Friday, 19 May 2017

Mysterious 'cold spot' an evidence of a parallel universe? Scientists say, yes!

The concept of a parallel universe has been portrayed in numerous sci-fi movies and novels as a system coexisting with and having certain similiarities to the known world but different from it in some fundamental way. It has also been a huge subject of debate among the science fraternity.
The universe we all are a part of is an enigma that has scientists across the globe seeking answers to its birth and evolution for the longest time.
However, in November 2016, a new theory proposed by a team of scientists suggested that our universe could be one among many that may or may not be identical to ours.
Now, scientists say that a mysterious 'cold spot' in space, that was discovered in 2015, could be a potential evidence to a parallel universe.
The chilly area measuring 1.8 billion light-years across, is missing 10,000 galaxies and may have been created when another universe banged into ours, it’s claimed.
According to a report in the Independent UK, scientists have long been looking for an explanation for the strange, dark area in the cosmic microwave background – the radiation leftover from the big bang. A range of different explanations have been proposed, but the main one isn't likely to make sense and it could actually be a parallel universe.
More specifically, the area could be the consequence of a collision between two different universes. It might be the first ever evidence of the theory of the multiverse – that there are billions of other universes, some of them just like our own, lurking outside the one that we can see.
Until now, scientists were of the belief that the 'cold spot' might have been the result of a literal trick of light caused by shifting wavelengths of a ‘supervoid’ which telescopes mistook for coldness.

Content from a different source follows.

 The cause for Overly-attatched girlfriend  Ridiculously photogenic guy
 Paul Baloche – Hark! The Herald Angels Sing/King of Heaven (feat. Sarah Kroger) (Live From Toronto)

But a new work looking in more detail than ever before at the cold spot finds that it can't be the result of such a void, under the standard model of cosmology and the universe. It's still possible that something strange is going on with physics – but it's also possible that the spot is the result of a crash between two universes, the Independent UK reported.
Researchers now hope to conduct further examination of the CMB to find out whether the theory of parallel universes bears up.